Projection matrix that sum to identity are orthogonal

Here is an argument that works for any number of projections. It uses only the algebraic properties of the projections (that they are selfadjoint and positive, and that they equal their own square), without using them as operators. Also, equality to the identity is not required, just that the sum is below the identity.

So, assume$$\sum_{k=1}^NZ_k\leq I.$$ Take indices $i$ and $j$ with $i\ne j$. Then $$ 0\leq Z_iZ_jZ_i\leq Z_i\left(\sum_{k\ne i} Z_k\right)Z_i\leq Z_i(I-Z_i)Z_i=0. $$ It follows that $Z_iZ_jZ_i=0$. But then $$ 0=Z_iZ_jZ_i=Z_iZ_j^2Z_i=(Z_jZ_i)^*Z_jZ_i, $$ and so $Z_jZ_i=0$.

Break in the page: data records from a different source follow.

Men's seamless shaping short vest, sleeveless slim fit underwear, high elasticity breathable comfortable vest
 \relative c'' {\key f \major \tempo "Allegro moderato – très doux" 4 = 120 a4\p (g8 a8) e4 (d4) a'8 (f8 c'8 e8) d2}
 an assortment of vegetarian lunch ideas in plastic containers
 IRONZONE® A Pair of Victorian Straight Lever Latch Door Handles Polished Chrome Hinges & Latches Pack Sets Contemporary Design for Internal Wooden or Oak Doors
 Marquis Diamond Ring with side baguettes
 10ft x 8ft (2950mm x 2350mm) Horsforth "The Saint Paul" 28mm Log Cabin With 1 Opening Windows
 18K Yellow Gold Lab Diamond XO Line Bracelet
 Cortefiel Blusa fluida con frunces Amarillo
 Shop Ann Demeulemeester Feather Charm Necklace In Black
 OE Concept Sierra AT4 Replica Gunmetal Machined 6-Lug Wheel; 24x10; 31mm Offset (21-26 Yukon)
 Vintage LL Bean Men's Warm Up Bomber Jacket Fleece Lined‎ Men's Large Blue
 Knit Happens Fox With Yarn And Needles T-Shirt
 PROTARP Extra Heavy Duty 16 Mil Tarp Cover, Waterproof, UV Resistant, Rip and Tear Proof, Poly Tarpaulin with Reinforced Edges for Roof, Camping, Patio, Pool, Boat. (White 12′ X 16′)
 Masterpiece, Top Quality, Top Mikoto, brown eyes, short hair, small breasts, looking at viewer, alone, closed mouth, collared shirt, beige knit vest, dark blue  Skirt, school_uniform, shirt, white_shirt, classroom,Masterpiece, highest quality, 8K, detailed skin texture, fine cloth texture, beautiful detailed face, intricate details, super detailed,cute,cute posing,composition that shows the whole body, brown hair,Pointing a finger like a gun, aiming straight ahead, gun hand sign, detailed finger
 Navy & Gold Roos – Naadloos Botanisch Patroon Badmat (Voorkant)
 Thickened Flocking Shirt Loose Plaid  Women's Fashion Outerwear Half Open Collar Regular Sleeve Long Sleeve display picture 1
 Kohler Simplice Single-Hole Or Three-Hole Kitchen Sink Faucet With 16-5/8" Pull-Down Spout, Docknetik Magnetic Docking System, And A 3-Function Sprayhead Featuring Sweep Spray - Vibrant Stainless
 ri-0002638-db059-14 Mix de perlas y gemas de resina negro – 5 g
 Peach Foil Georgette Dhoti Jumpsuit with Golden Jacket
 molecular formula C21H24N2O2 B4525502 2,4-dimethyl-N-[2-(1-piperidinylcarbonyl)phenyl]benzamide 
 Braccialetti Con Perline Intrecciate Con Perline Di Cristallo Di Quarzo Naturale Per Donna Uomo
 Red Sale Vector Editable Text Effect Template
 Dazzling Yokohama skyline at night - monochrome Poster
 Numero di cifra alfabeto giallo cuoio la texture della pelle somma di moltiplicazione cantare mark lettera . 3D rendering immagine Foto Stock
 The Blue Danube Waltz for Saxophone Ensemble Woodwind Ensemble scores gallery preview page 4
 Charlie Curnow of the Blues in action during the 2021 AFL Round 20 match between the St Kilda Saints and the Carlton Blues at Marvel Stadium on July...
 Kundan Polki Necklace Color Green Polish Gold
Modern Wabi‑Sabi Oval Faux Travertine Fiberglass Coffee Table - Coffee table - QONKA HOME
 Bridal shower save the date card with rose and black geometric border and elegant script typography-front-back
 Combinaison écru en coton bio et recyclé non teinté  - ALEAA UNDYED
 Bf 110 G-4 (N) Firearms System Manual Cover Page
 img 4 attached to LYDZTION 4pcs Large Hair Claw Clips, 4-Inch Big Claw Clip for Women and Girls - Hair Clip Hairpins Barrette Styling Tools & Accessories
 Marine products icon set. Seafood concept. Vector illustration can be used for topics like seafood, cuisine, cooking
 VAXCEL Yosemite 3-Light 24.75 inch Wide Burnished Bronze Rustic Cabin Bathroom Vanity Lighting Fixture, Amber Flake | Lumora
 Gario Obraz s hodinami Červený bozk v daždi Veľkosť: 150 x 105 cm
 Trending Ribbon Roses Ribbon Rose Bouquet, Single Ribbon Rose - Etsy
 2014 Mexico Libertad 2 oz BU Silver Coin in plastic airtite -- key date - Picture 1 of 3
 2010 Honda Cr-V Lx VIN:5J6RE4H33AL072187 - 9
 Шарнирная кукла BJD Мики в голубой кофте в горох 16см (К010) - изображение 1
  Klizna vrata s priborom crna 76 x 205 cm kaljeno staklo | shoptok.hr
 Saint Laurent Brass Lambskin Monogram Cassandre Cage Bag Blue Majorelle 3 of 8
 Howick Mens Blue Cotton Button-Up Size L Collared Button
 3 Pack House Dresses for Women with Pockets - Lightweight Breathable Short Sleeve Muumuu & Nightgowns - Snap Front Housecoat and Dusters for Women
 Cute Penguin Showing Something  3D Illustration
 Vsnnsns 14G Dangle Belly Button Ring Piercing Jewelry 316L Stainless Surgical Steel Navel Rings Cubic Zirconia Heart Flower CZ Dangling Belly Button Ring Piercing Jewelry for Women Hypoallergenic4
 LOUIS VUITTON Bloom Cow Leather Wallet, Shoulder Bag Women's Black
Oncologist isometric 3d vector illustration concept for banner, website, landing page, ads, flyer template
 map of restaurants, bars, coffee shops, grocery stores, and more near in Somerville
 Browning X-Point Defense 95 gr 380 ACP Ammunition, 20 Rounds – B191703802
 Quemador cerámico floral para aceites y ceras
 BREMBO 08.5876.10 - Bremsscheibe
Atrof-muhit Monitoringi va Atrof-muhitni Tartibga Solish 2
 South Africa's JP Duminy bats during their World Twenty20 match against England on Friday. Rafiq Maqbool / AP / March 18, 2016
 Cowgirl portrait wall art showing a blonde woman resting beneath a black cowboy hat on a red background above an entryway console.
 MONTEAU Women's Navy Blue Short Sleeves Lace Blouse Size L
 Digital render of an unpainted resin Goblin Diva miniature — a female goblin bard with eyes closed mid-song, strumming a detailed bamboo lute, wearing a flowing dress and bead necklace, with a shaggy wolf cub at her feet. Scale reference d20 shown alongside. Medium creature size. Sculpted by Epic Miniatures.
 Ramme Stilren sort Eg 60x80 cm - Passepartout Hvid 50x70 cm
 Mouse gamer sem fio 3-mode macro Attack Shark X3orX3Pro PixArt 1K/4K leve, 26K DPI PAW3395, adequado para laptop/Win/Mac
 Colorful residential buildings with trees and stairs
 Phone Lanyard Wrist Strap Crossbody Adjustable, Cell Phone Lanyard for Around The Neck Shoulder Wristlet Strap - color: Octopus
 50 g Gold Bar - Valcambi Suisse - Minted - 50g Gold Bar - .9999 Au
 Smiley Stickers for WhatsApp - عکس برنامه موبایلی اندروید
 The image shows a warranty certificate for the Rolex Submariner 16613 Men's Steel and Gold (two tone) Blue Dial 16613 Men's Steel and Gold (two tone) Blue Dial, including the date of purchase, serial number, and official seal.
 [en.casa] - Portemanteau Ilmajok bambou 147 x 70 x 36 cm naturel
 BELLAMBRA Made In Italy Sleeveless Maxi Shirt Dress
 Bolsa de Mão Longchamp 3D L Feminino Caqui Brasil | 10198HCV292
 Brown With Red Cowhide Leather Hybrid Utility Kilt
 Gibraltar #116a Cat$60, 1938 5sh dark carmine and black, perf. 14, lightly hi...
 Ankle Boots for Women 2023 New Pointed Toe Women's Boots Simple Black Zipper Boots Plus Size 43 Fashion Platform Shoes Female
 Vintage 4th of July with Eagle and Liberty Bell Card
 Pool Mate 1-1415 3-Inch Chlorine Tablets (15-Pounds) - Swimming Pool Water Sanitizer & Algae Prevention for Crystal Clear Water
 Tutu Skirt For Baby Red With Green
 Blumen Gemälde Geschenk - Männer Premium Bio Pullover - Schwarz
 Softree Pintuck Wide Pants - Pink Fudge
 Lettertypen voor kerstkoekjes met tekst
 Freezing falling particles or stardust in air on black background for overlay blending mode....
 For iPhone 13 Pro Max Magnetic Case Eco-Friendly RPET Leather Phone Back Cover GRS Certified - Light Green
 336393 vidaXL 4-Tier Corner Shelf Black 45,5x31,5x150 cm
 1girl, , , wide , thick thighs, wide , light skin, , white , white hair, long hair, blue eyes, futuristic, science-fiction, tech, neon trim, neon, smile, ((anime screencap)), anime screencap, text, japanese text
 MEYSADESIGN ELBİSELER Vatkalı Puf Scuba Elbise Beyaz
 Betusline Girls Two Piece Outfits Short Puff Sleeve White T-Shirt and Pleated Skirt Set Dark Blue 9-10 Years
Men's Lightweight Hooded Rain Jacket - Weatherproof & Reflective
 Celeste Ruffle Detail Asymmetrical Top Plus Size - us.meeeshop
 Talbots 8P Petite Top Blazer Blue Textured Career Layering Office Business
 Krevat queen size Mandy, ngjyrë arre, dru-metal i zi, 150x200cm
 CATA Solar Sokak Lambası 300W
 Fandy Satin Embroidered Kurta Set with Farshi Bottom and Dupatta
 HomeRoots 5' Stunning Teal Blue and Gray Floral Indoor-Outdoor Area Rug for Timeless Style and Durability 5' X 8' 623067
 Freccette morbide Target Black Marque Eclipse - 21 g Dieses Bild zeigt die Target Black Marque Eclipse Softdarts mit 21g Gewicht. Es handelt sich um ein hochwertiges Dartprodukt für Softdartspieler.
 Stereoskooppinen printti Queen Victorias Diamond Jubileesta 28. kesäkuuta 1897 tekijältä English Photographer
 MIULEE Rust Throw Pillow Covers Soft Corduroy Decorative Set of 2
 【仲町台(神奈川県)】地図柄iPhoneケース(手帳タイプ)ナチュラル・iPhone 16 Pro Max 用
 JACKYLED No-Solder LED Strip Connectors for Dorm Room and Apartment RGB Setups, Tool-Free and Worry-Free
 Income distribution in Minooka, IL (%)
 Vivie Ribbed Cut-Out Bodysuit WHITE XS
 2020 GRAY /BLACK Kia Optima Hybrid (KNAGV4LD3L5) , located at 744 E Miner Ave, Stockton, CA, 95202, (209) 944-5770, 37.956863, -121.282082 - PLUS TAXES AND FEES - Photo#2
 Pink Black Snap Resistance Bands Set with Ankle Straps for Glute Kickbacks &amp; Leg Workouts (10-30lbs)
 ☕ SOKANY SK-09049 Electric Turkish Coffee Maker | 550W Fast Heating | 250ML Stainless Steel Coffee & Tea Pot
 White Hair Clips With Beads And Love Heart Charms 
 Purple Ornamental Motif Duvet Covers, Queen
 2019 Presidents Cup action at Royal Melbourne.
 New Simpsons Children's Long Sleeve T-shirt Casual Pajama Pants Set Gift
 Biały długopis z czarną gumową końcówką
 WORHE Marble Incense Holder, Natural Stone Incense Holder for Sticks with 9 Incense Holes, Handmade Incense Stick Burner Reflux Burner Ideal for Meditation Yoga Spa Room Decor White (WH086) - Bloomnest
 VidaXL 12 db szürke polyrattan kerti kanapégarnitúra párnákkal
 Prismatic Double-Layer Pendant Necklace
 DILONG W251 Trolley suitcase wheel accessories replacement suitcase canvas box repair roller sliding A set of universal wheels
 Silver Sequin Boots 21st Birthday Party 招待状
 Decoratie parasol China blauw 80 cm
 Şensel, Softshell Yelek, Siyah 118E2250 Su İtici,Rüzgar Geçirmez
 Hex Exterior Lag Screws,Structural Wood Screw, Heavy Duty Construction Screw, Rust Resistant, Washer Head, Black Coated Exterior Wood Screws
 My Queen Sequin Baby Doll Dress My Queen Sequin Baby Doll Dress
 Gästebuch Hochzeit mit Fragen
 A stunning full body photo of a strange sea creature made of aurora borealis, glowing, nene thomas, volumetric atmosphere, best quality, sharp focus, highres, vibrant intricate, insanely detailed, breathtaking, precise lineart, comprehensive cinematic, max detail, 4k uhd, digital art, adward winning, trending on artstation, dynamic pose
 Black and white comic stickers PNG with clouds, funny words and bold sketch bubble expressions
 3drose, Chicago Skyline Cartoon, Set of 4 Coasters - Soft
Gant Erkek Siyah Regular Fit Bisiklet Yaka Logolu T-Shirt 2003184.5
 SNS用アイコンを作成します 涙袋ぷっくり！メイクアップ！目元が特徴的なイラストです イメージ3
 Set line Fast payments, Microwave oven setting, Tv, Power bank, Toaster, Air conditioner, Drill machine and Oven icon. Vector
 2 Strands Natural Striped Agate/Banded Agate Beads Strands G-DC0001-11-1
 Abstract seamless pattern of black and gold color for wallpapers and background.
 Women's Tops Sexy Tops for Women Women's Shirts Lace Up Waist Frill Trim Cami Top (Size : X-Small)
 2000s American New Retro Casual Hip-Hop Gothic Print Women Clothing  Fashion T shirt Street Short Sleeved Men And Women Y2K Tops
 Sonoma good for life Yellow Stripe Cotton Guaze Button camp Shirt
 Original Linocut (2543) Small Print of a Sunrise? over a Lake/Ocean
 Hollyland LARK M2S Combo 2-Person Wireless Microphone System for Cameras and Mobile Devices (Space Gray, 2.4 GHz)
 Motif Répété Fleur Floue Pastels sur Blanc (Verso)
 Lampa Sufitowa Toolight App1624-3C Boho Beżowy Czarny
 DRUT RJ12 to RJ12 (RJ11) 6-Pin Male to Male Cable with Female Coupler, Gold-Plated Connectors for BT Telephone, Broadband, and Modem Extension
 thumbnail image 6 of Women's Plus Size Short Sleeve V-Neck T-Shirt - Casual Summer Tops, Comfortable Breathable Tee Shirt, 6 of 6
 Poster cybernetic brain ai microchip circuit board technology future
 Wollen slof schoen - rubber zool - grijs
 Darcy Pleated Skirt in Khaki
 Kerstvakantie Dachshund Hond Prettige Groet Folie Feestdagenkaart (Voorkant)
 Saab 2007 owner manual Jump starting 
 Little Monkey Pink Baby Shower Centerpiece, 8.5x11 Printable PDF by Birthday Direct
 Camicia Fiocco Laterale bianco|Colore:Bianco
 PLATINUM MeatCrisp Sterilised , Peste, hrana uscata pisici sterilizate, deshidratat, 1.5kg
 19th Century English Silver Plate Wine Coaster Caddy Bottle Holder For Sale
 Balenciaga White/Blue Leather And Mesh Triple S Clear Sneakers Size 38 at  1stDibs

In fact if $P+Q$ is a projection, then $PQ = 0$, because $(P+Q)^2 = (P+Q)$, and so $$ PQ(x) + QP(x) = 0 \Rightarrow PQ = -QP $$ and hence for any $x \in ran(PQ)$, $$ PQx = x \Rightarrow Px = x $$ and similarly, $$ -QPx = x \Rightarrow Qx = x $$ and hence $x = -QPx = -Qx = -x$, and so $x = 0$, which means that $PQ = 0$

Now apply this to $P = Z_i, Q=Z_j$ for $i\neq j$